There are fears of multiple casualties this Bonfire Night as more people light fires and fireworks at home, because public displays have been cancelled over costs.

Multiple public displays have been cancelled this year, including in Nottingham, with the city council citing increased costs caused by the cost-of-living crisis.

Nottingham City Council said it's "reluctantly" taken the decision to cancel the event, as it's facing "huge budget difficulties" which have been "exacerbated by rising inflation and energy costs."

Now the Royal Society for the Prevention of Accidents, based in Birmingham, says it fears accidents at home may rise this year because 15 councils have cancelled public displays.

Ashley Martin, Public Health Advisor for RoSPA, said: "In previous years, figures relating to firework injuries tend to indicate that fewer people are harmed at small gatherings than large public displays.

"And so, with the recent announcements that many events are being cancelled, we are anxious that there could be a rise in hospital admissions."

In 2021 there were 117 individual cases of firework related injuries.

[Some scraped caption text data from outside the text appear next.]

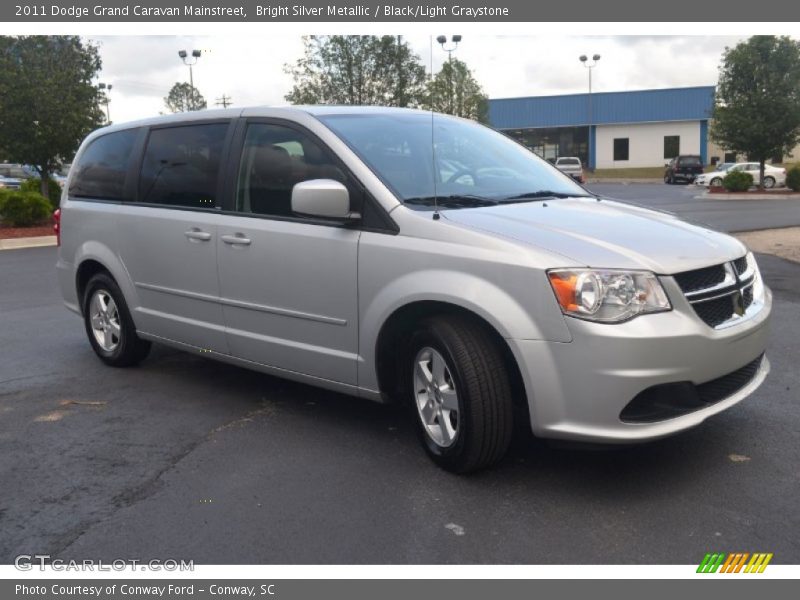 Bright Silver Metallic / Black/Light Graystone 2011 Dodge Grand Caravan Mainstreet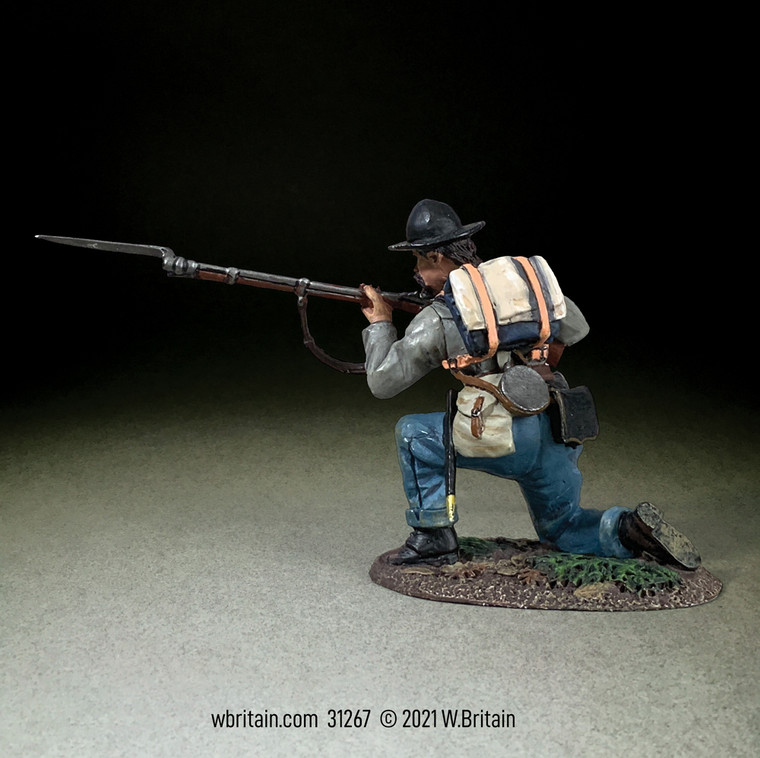BR31267 Confederate Infantry Kneeling Preparing To Fire - Single figure in box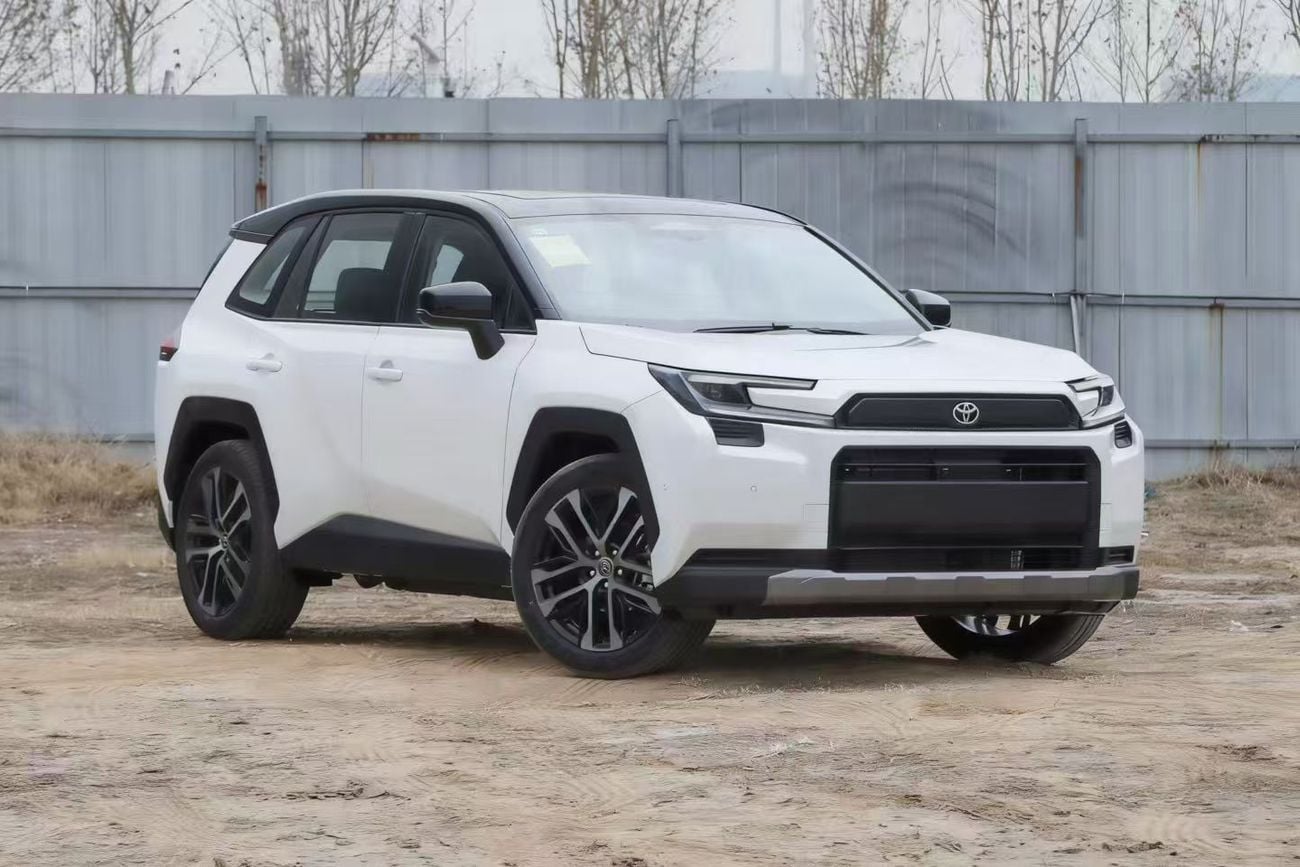 تويوتا راف ٤ XLE 2.0L AWD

The society is warning people hosting amateur displays to follow safety guidelines:

"We understand that the Cost of Living Crisis is weighing on a lot of people's minds, and the cancellation of organised fireworks displays due to cutbacks, but we encourage those considering throwing an event to educate themselves by following our Firework Code.

"For instance, with the emergence of illegal sales, one of our codes states that one should only purchase fireworks that carry UKCA marks. 

"Overall, we wish those taking part in any celebrations to enjoy themselves to the fullest, but apply our safety rules when embarking on any firework-related activities." 

The Firework Code is: 

  • Plan your firework display to make it safe and enjoyable, and check the time you can legally set off fireworks

  • In England, Scotland and Wales only buy fireworks which carry the UKCA marks. In the case of Northern Ireland look for the UKNI symbol. You may also see the UKNI mark along with the UKCA symbol. Keep your fireworks in a closed box, and use them one at a time 

  • Read and follow the instructions on each firework using a torch if necessary 

  • Light the firework at arm's length with a taper and stand well back 

  • Keep naked flames, including cigarettes, away from fireworks 

  • Never return to a firework once it has been lit 

  • Don't put fireworks in pockets and never throw them 

  • Direct any rocket fireworks well away from spectators 

  • Never use paraffin or petrol on a bonfire 

  • Make sure that the fire is out and surroundings are made safe before leaving.